I admit, I'm a control freak and I used to be a bit of a bitch when DP went out with his mates.
Nowadays, Im pretty good at keeping my mouth shut and trying to be positive when he goes out. But then I just tie myself in knots all night and end up fuming. I'll take it out on him at some point... maybe send him an attention seeking text while hes out, or try to stop him having a lay in the next day. It's horrible, I know it's wrong and I want to stop.

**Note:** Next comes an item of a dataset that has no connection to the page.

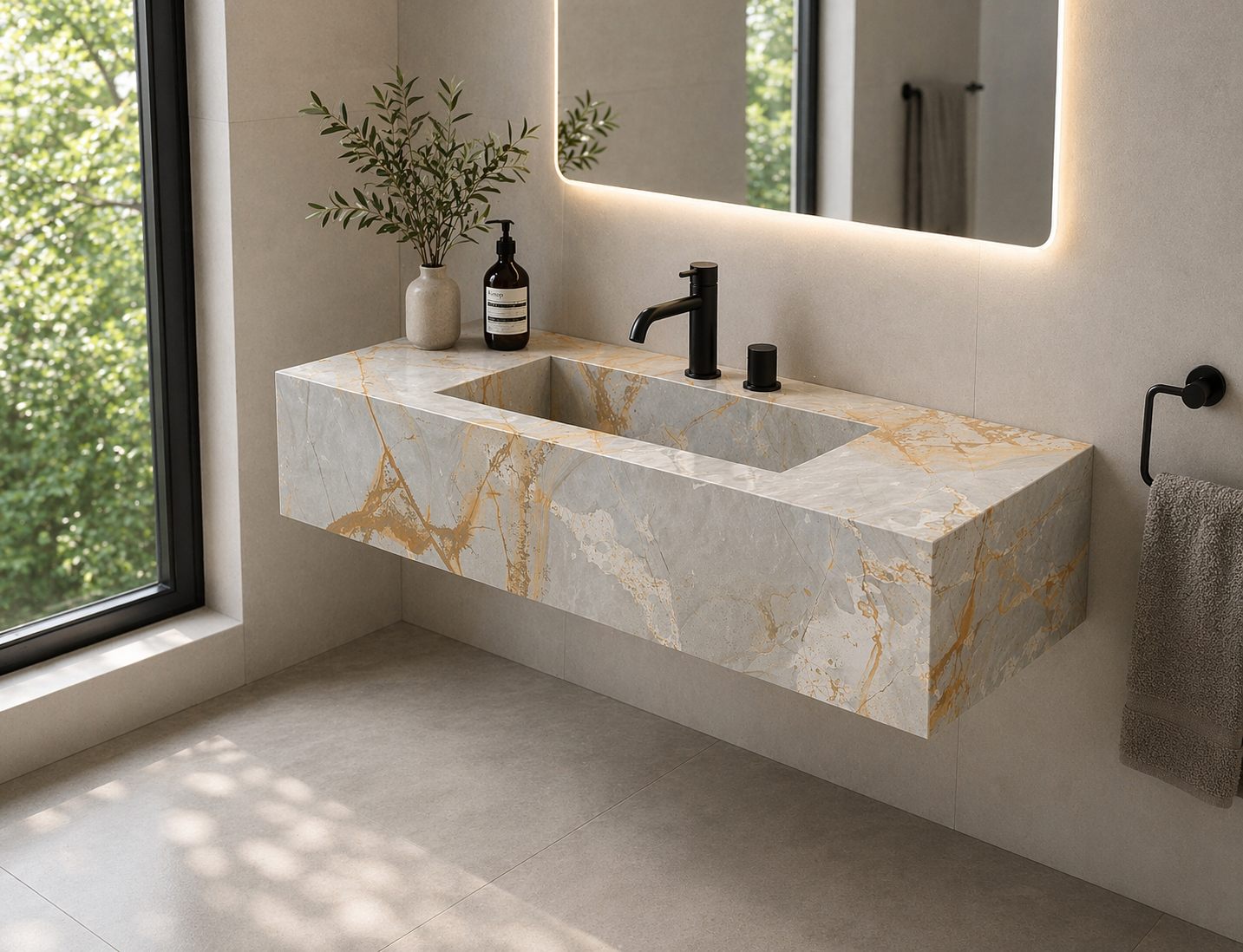 خرید روشویی سرامیکی دیواری ۱۰۰ سانتی CERAMADE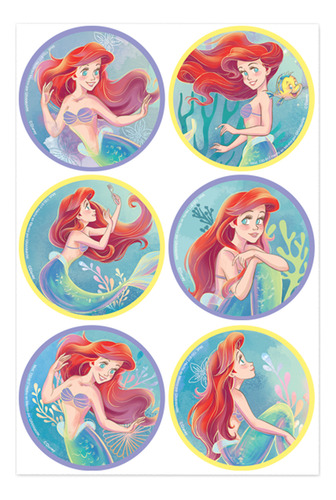 Granmark 48 Distintivos Fiesta Disney Princesa La Sirenita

E.g. He is going out tonight. Tbf he NEVER makes plans to go out - his friends ask him. And for the past year and a half he's rarely gone out drinking. He used to go out a lot more often and let me down quite a few times e.g. Coming home later than planned or not coming home all night 
I went out last night, so it's not like I don't socialise (although I didn't used to when he was out all the time). I've planned a 'nice' night for myself... Think bath, takeaway, early night etc. yet Im still anxious and annoyed about him going. His friend is single and is always on the pull and it makes me mad just knowing they'll be chatting to girls (although DP is a bit shy in these situations and I wouldn't describe him as a flirt - he certainly wasn't when we first met and obviously he was a young, single guy then!).
No matter how calm I am at the beginning of the night I'm always seething with rage when he stumbles in at stupid o clock smelling of booze.